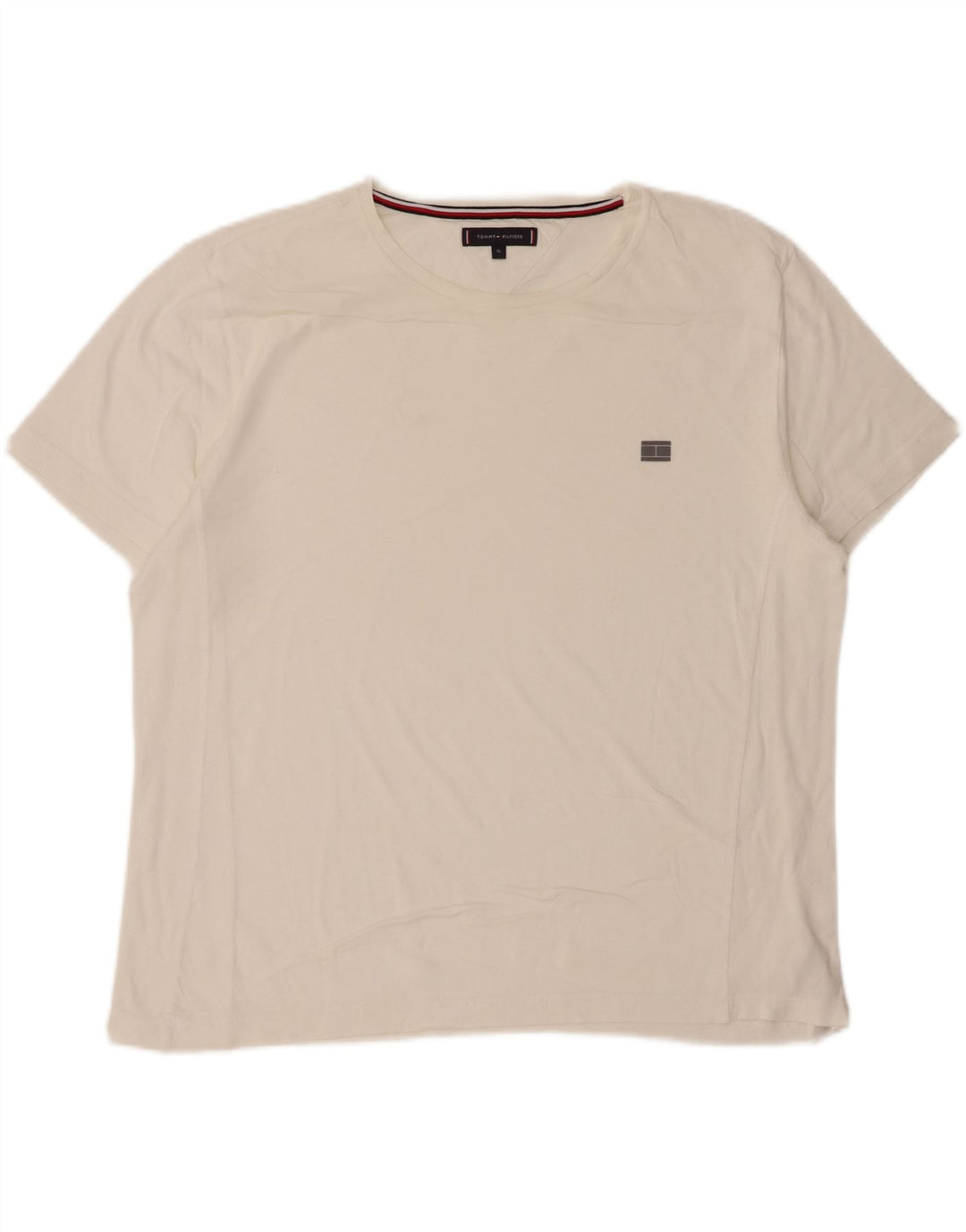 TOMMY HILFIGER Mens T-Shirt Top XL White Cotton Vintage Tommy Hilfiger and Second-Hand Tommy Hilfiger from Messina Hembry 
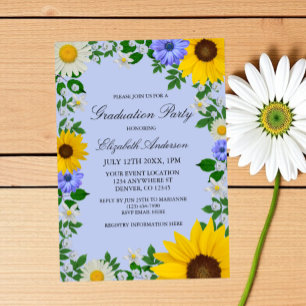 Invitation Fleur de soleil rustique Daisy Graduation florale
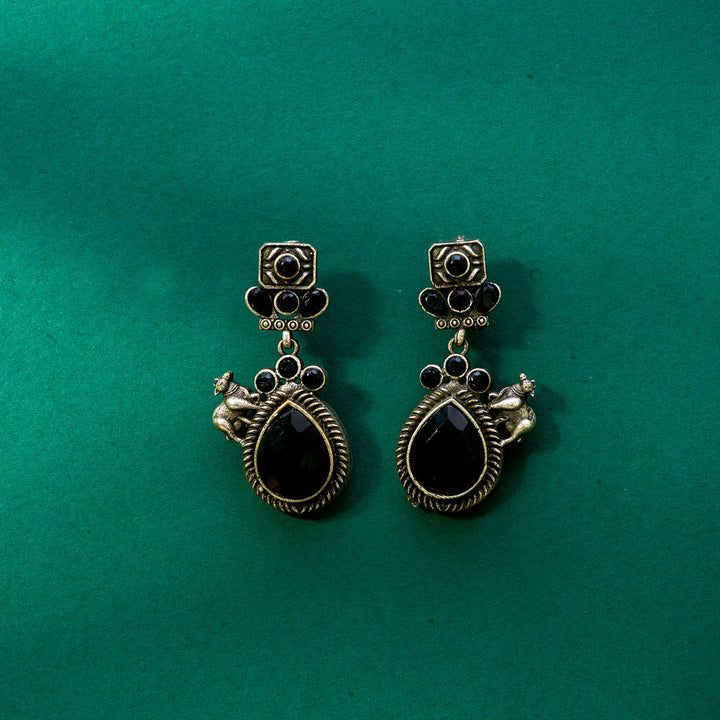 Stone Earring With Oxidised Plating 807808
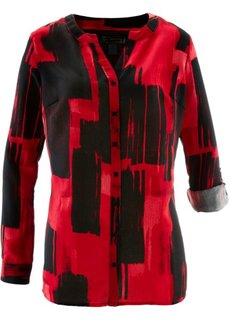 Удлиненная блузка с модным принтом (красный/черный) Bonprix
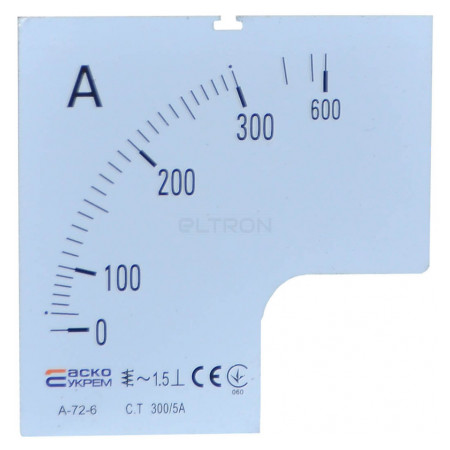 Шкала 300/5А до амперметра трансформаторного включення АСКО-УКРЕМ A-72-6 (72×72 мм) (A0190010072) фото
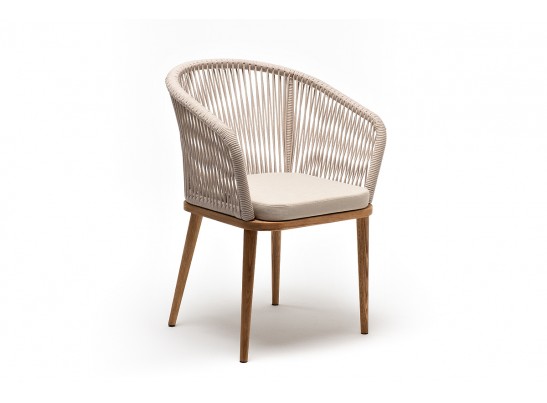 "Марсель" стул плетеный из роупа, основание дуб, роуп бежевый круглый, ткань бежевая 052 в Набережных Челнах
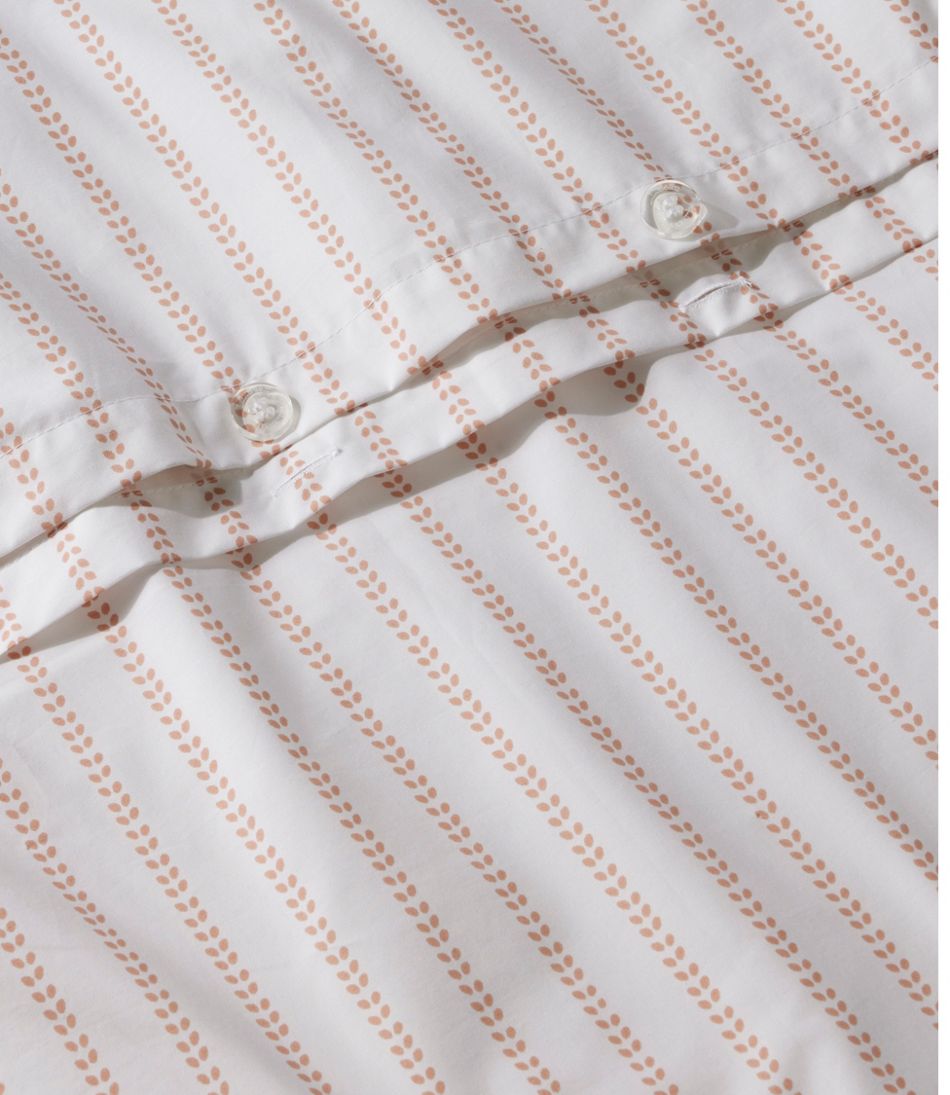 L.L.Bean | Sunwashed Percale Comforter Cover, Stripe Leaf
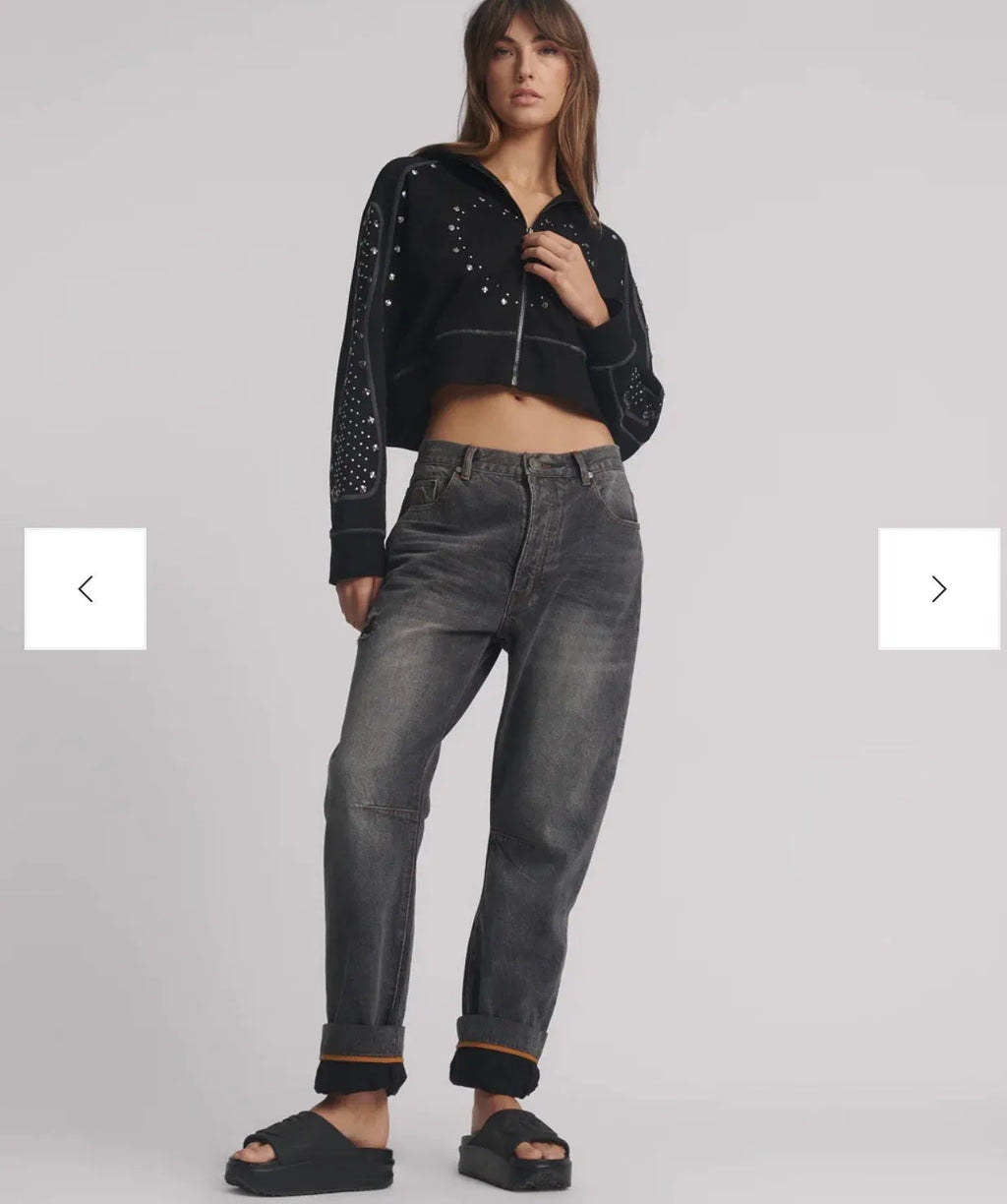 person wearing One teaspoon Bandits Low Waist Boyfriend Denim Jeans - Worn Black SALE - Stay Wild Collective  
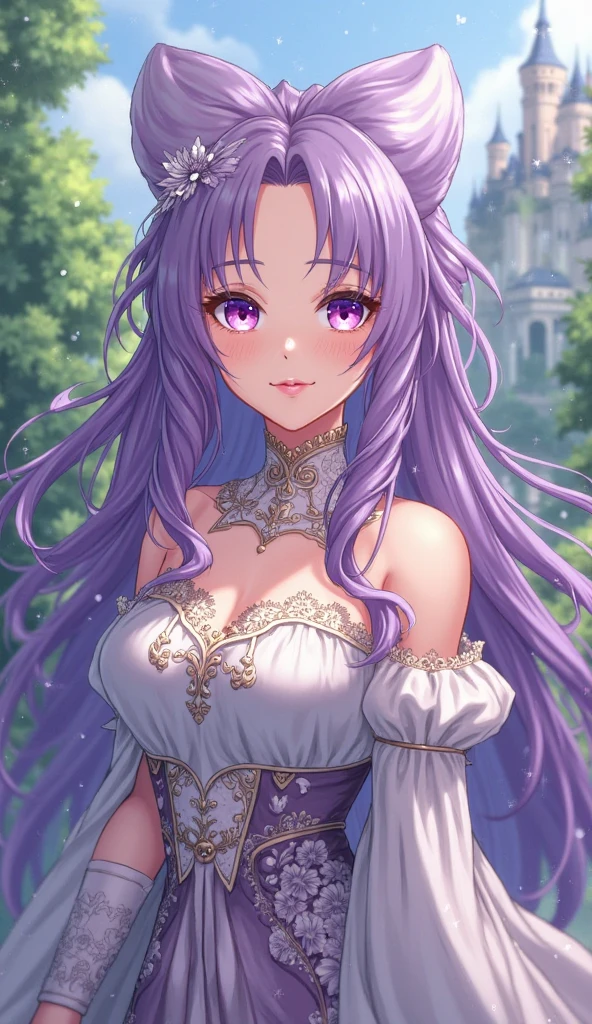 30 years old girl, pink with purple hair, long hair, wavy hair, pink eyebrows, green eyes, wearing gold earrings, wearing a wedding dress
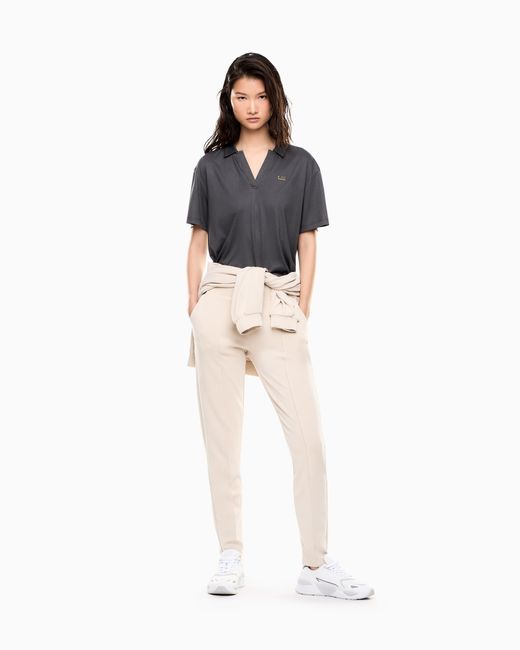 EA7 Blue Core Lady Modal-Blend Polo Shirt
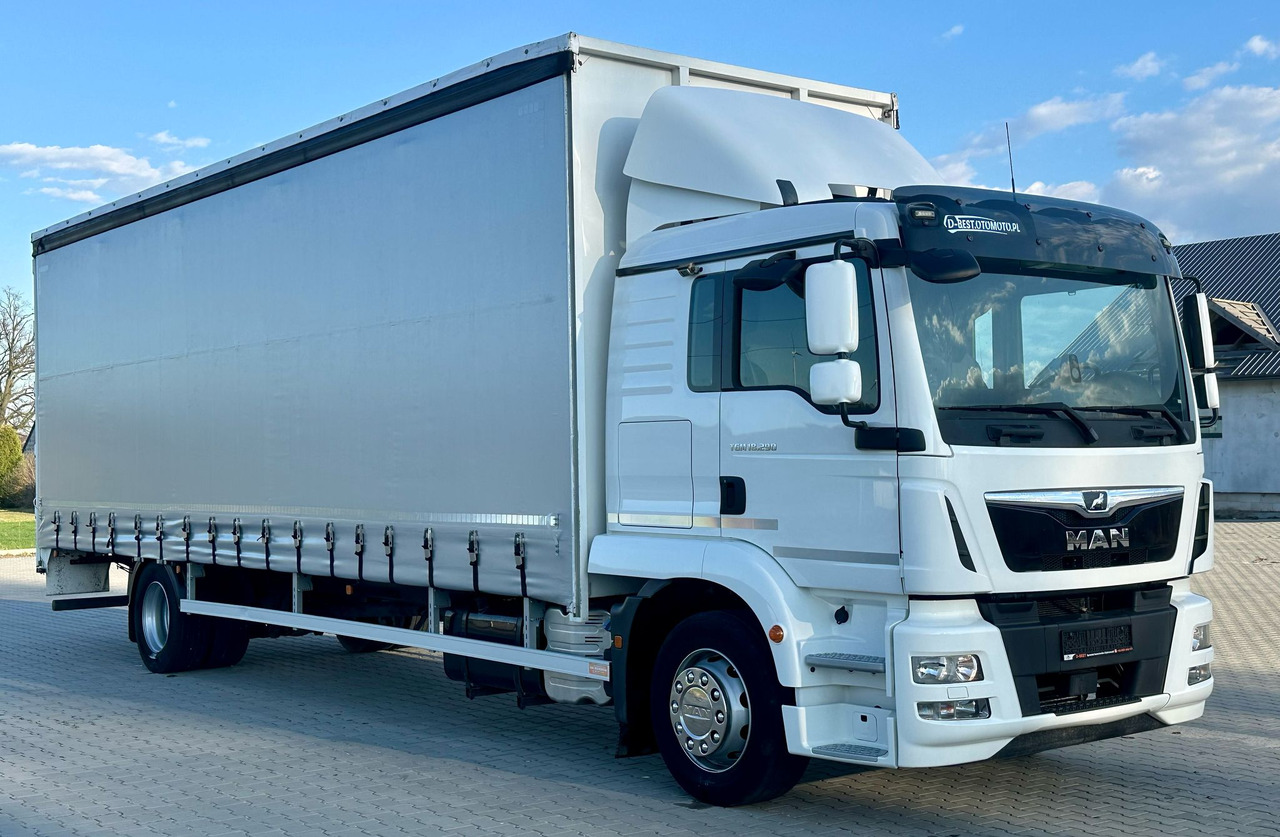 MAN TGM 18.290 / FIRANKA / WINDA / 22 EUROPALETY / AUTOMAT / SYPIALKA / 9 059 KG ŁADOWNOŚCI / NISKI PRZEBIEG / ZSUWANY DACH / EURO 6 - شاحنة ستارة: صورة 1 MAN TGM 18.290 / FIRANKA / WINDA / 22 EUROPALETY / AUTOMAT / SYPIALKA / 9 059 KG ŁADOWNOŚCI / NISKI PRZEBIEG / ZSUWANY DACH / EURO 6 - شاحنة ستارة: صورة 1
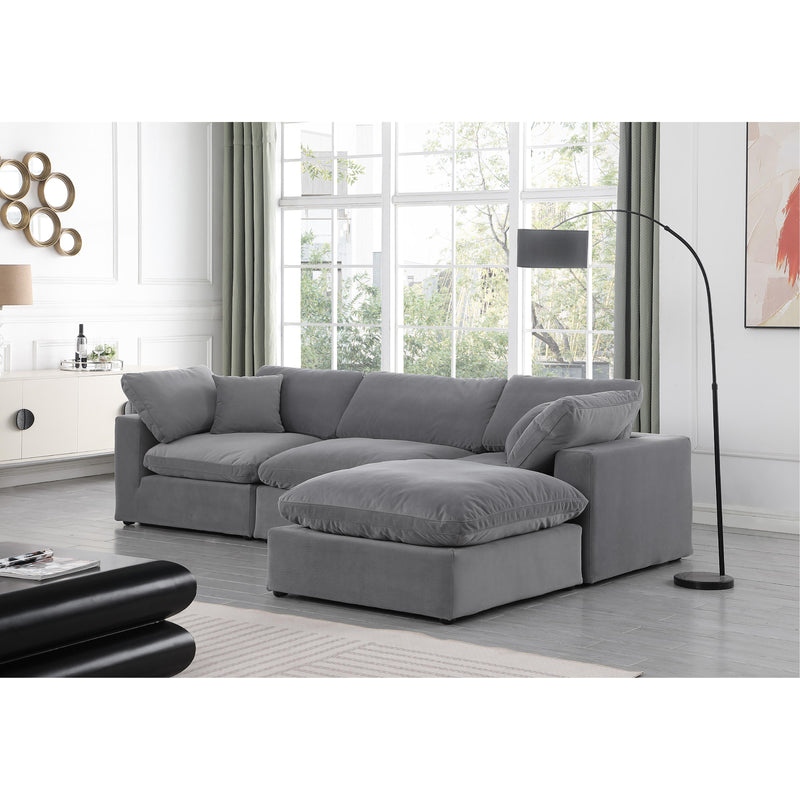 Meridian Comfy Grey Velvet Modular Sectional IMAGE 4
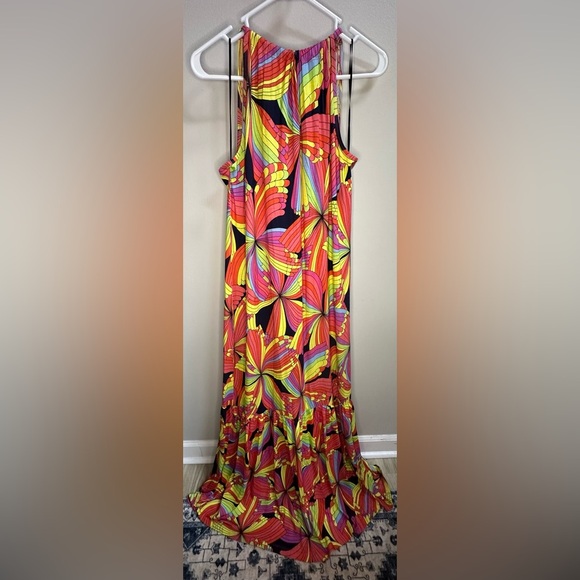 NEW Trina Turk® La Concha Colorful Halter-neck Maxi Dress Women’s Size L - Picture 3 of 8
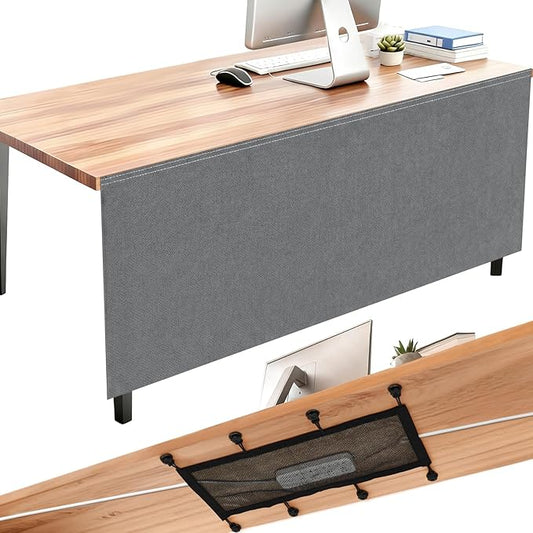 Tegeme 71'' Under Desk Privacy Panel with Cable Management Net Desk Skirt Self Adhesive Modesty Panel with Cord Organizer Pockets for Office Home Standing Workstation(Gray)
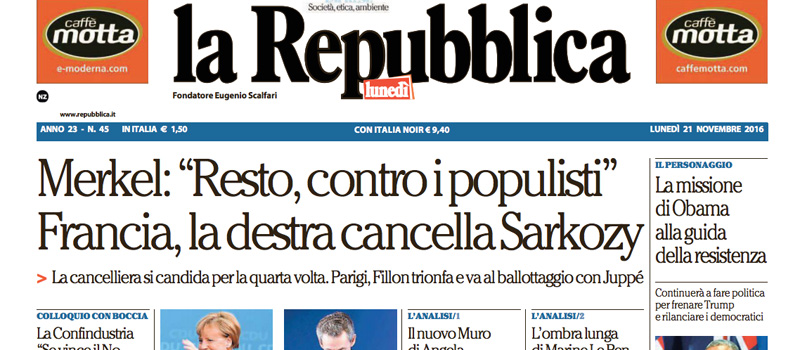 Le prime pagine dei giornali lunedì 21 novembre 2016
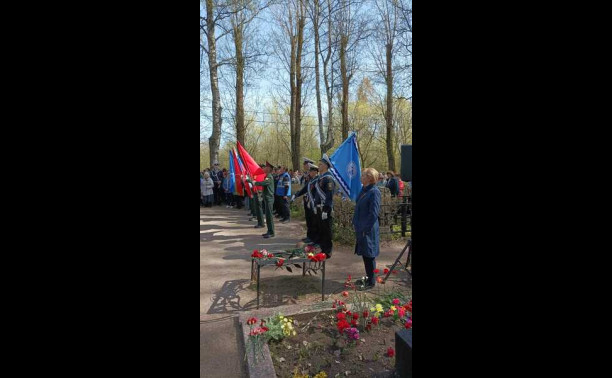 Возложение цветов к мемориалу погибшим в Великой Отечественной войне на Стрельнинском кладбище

+ + + +

## YOUR INSTRUCTIONS:
Though the entries above contain pictures, none should be copied; reproduce only the lines between the one holding "ستارة: صورة 1 MAN" and the one holding "NEW Trina Turk®", inclusive, exactly as written.

## RESULT:
 MAN TGM 18.290 / FIRANKA / WINDA / 22 EUROPALETY / AUTOMAT / SYPIALKA / 9 059 KG ŁADOWNOŚCI / NISKI PRZEBIEG / ZSUWANY DACH / EURO 6 - شاحنة ستارة: صورة 1 MAN TGM 18.290 / FIRANKA / WINDA / 22 EUROPALETY / AUTOMAT / SYPIALKA / 9 059 KG ŁADOWNOŚCI / NISKI PRZEBIEG / ZSUWANY DACH / EURO 6 - شاحنة ستارة: صورة 1
 Meridian Comfy Grey Velvet Modular Sectional IMAGE 4
 NEW Trina Turk® La Concha Colorful Halter-neck Maxi Dress Women’s Size L - Picture 3 of 8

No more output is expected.